August 1, 2021
By Martyn Herman
TOKYO (Reuters) – They say if you can’t stand the heat then get out of the kitchen, but British BMX freestyler Charlotte Worthington was as cool as a cucumber on baking Tokyo morning to claim a dramatic Olympic gold medal on Sunday.
With temperatures soaring into the high 30s the former Mexican restaurant chef gambled on executing a trick never managed before in a female BMX competition.
When she crash-landed painfully trying to nail a 360 degree backflip — a head-spinning move that defies the laws of physics — it appeared she had bitten off more than she could chew.
Third last out of nine after her first run and with favourite Hannah Roberts out alone at the top with 96.10 points from a sizzling first run, Worthing needed the ride of her life, and more, to topple the American.
Undaunted, Worthington nailed the trick second time round, having kept it a closely-guarded secret all week after managing it in training this week at the Ariake Urban Sport Park.
Flowing over the ramps with moves known as barspins and tailwhips she then pulled off a forward flip that probably sealed the deal — earning her a massive 97.50 from the judges.
“It was incredible.
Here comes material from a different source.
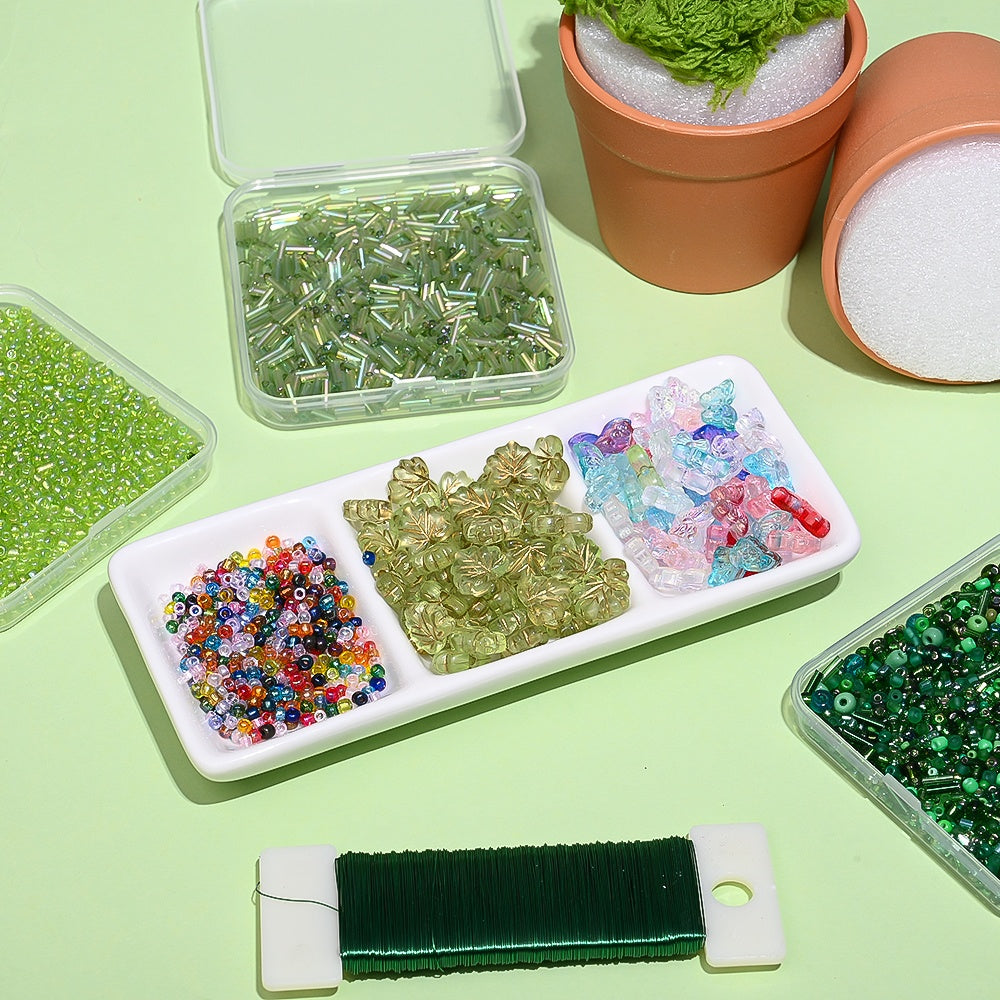 Green DIY Mini Potted Plant Bead Kit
I’ve not been doing that trick for that long, but we’ve been trying to find that big banger trick and when we found it we were like, ‘I think this is the one’,” Worthington said after snatching gold out of the fire.
It was a stupendous moment of sporting drama — an athlete staking everything on gold or nothing.
“We set the target of the gold medal and it was either go big or go home,” Worthington, who used to slave away 40 hours a week in a Manchester restaurant cooking fajitas, told reporters.
“I’ve learned in the years prior to this when competing that if you gamble and give yourself that chance then it can pay off and you’ll feel better than if you hold back.”
After such a heavy fall in her first run, Worthington showed great composure to try the stunt again — one she had managed a “few times” on the more forgiving rubber surface in training.
She said her coach Jamie Bestwick, a trailblazer in BMX freestyle, had given her some simple advice.
“Our mantra throughout this whole thing has just been ‘breath’, she said. “I know I can physically do the tricks, you just need to be mentally calm.”
British Cycling invests huge amounts of money into track cycling, which starts on Monday, but the performances of the BMX riders had been a revelation.
Worthington’s gold in the Olympics debut for freestyle came after Bethany Shriever won the BMX women’s race and Kye Whyte took a silver. Declan Brooks then added a bronze as he also performed marvels at the BMX park on Sunday.
“I’ve just cried for the last couple of minutes,” the 25-year-old Brooks said. “I hope a lot of people in Britain and the world have watched us and think, ‘that’s pretty cool”.